Chief Justice Warren said the court’s decision “cannot turn on merely a comparison of these tangible factors in the Negro and white schools involved.” He added:
“We must look instead to the effect of segregation itself on public education.”
Clock Can’t Be Turned Back
In approaching the problem, Chief Justice Warren said, “We cannot turn the clock back to 1868 when the (14th) Amendment was adopted or even to 1896, when Plessy vs. Ferguson was written. (Plessy vs. Ferguson was the case which established the “separate but equal” doctrine.)
“We must consider public education in the light of its full development and its place in American life throughout the nation.
“Only in this way can it be determined if segregation in public schools deprives these plaintiffs (Negroes) of the equal protection of the laws.
“Today, education is perhaps the most important function of state and local governments.
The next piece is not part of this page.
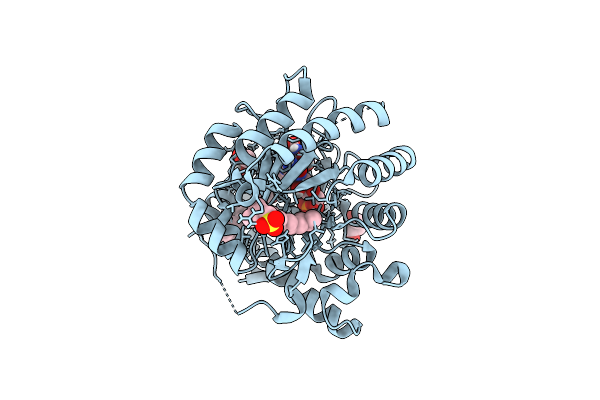 4IGH image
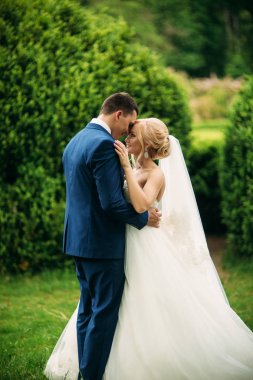 Güzel düğün çifti Park'ta yürüyordunuz. Mutlu yeni evliler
Compulsory school attendance laws and the great expenditures for education both demonstrate our recognition of the importance of education to our democratic society…
Education for All
“In these days, it is doubtful that any child may reasonably be expected to succeed in life if he is denied the opportunity of an education. Such an opportunity, where the state has undertaken to provide it, is a right which must be made available to all on equal terms.”
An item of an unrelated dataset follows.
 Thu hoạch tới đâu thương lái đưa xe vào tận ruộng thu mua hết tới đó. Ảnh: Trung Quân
It was at this point in the opinion that Chief Justice Warren said the court believes segregation denies Negro children equal education opportunities.
Chief Justice Warren said the decision announced in the case of the states also would apply to the District of Columbia, but under a different section of the Constitution.
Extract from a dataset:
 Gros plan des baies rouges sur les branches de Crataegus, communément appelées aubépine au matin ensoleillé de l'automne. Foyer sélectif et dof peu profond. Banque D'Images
“We hold,” the chief justice said, “that racial segregation in the public schools of the District of Columbia is a denial of the due process of law guaranteed by the Fifth Amendment to the Constitution.”
The Fifth Amendment applies to the federal government, and Congress makes the laws for this federal district.
In the District of Columbia case, Chief Justice Warren said:
“Segregation in public education is not reasonably related to any proper governmental objective, and thus it imposes on Negro children of the district a burden that constitutes an arbitrary deprivation of their liberty in violation of the due-process clause.”
Today’s historic decision overturned the segregation doctrine established by the Supreme Court 57 years ago.
And, if advance threats are carried out, today’s ruling will lead eventually to the abolition of public school systems as they exist in South Carolina, Georgia and Mississippi.
Decrees to Be Delayed
Chief Justice Warren said that because of the complex questions involved, the formulation of Supreme Court decrees backing up the ruling will be delayed.
The chief justice went on to say that in order to have full assistance of all the parties concerned, the cases will be restored to the court’s docket and that new arguments will be heard on two questions asked by the tribunal before it heard its second argument of the issues last December.
One of these questions involved the time issue, that is, when to order schools in states which now require segregation to admit Negro children along with white children.
The other question raised the issue of whether the court should appoint a special master to recommend specific terms for its decrees, or whether the cases should be sent back to lower Federal Courts to see that segregation practices are ended.
Chief Justice Warren said that attorneys-general of the states involved may appear before the court to argue on the form of the decrees to be issued. The states were told to put in applications for such appearances by September 15 and to submit any briefs by October 1. The court’s new term begins October 4.
The decision does not apply to private schools. Nor, on its face, does it affect the “separate but equal” doctrine as applied to travel on railroads and other public conveyances solely within states which have such laws.